Think about it for a minute though. The rectum was not designed to have things go in; only out. The vagina stretches to let in a penis and let out a child, but the anus does not. Hence regular use of it for sex will cause it to lose its elasticity and you may need to start wearing diapers or get stitched up. We women are so conscious of our bodies that it sometimes leads to nervousness during normal intercourse. Now, imagine if it was anal sex-she will probably be having thoughts like I just pooed isn’t my hole smelling, what if he puts his fingers there and it comes out with shit? I mean, why would any girl in her right mind be naked and allow a man’s penis enter there? I would personally be mortified. The smell, the germs, the bacteria-a huge fucking turn off. It would feel so sick, twisted and perverted. My friend Owolabi says "I agree that with some men it is a taboo and I’m sure that guys like me enjoy it more because we feel we are taking something that is not freely given. I think if it was in my case, when a chick says, ‘yeah, do me in the butt anytime you want, I love it and blah blah blah’, guys wouldn’t want it that much. I think deep down it’s the control factor and when the control is gone, the need is gone as well. I remember during NYSC, this chick said she didn’t like it but did it with two nice guys and at the time couldn’t sit for over a week. Two “nice” guys? If you don’t like it, why are you doing it? No wonder you can’t sit."

Okay, so my own meandering experience goes thus. I had a running stomach for almost 3weeks in March last year and after several urine, blood and stool tests which all proved negative, I decided to see a doctor about it. Biggest mistake of my life. I get there and he asks me the usual questions. Do you have rashes, swelling or blood around your butt? To which I reply in the negative. My mom insisted on going with me there to make me feel all comfy and stop the doctor from having any weird ideas. But I think she was really worried. Then he asks me to push up my dress, take off my panties and lie down on my side so he can check for swelling or blood. I’m like huh? Dude I just fucking told you I had none of that. I hesitate further when I see him putting on gloves and I’m like errrr… do you plan on sticking your fingers up my butt? He smiled and said I should just lie down and relax. I do so and as he sticks his finger up and around my butt to check for hemorrhoids and crap, I cringe in pain. It feels like three hours when its finally over but it was just about 45 seconds. He says there’s a little swelling but he needs to take a closer look. Now I’m even more confused than a blind lesbian in a fish shop. A closer look how? Do I have to pull my butt cheeks apart so you can peer inside? This man actually laughs. He goes over to some locker and brings out a periscope the size of a three month old puppy. I shit you not. It looked like the spaceship in ET. I thought to myself-there is no fucking way that 3month old puppy is going to fit in my ass. He laughs again and says ‘that is because this part does not go up there’. This guy is deranged I tell you. Like he’s enjoying my discomfort in a sick way.
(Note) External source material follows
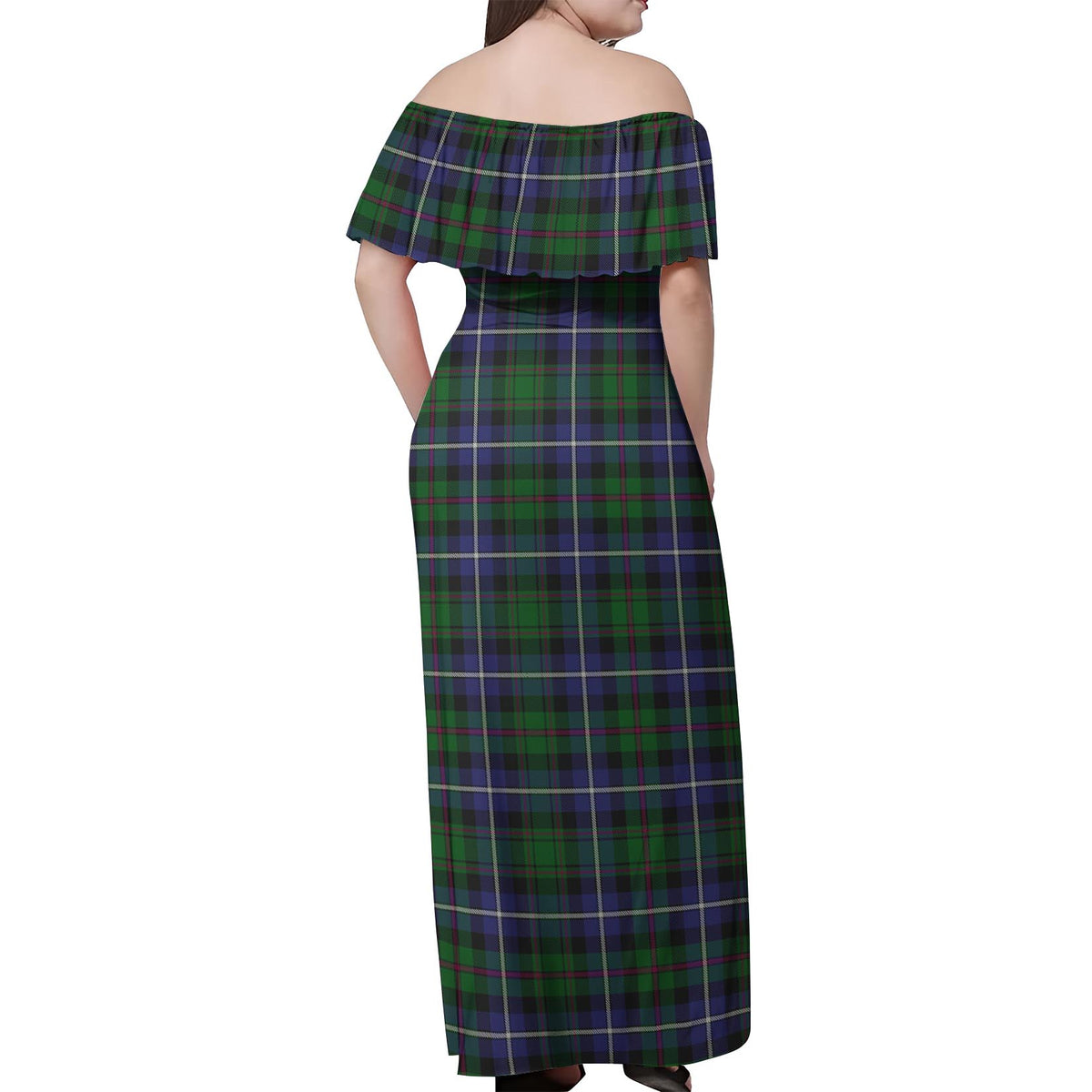 MacRow Hunting Tartan Off Shoulder Long Dress - Tartan Vibes Clothing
Out of the alien he pulls out this penis looking thing and says ‘this does’. He rubs some ky jelly and explains to my mom that it is to make it glide in easier… and that’s when I freak out. Fuck No! Fuck No!!! you’re not going to sodomise me with that shit. I don’t care what you think. Fuck that. My mom tells me I’m acting like a baby. I look at her like are you going to sit there and let them analise your daughter? She calls my sister, a doctor, who tells me I have to do it just to be sure I haven’t gotten internal bleeding and what not from the constant stooling. How is that even possible? People shit all the damn time.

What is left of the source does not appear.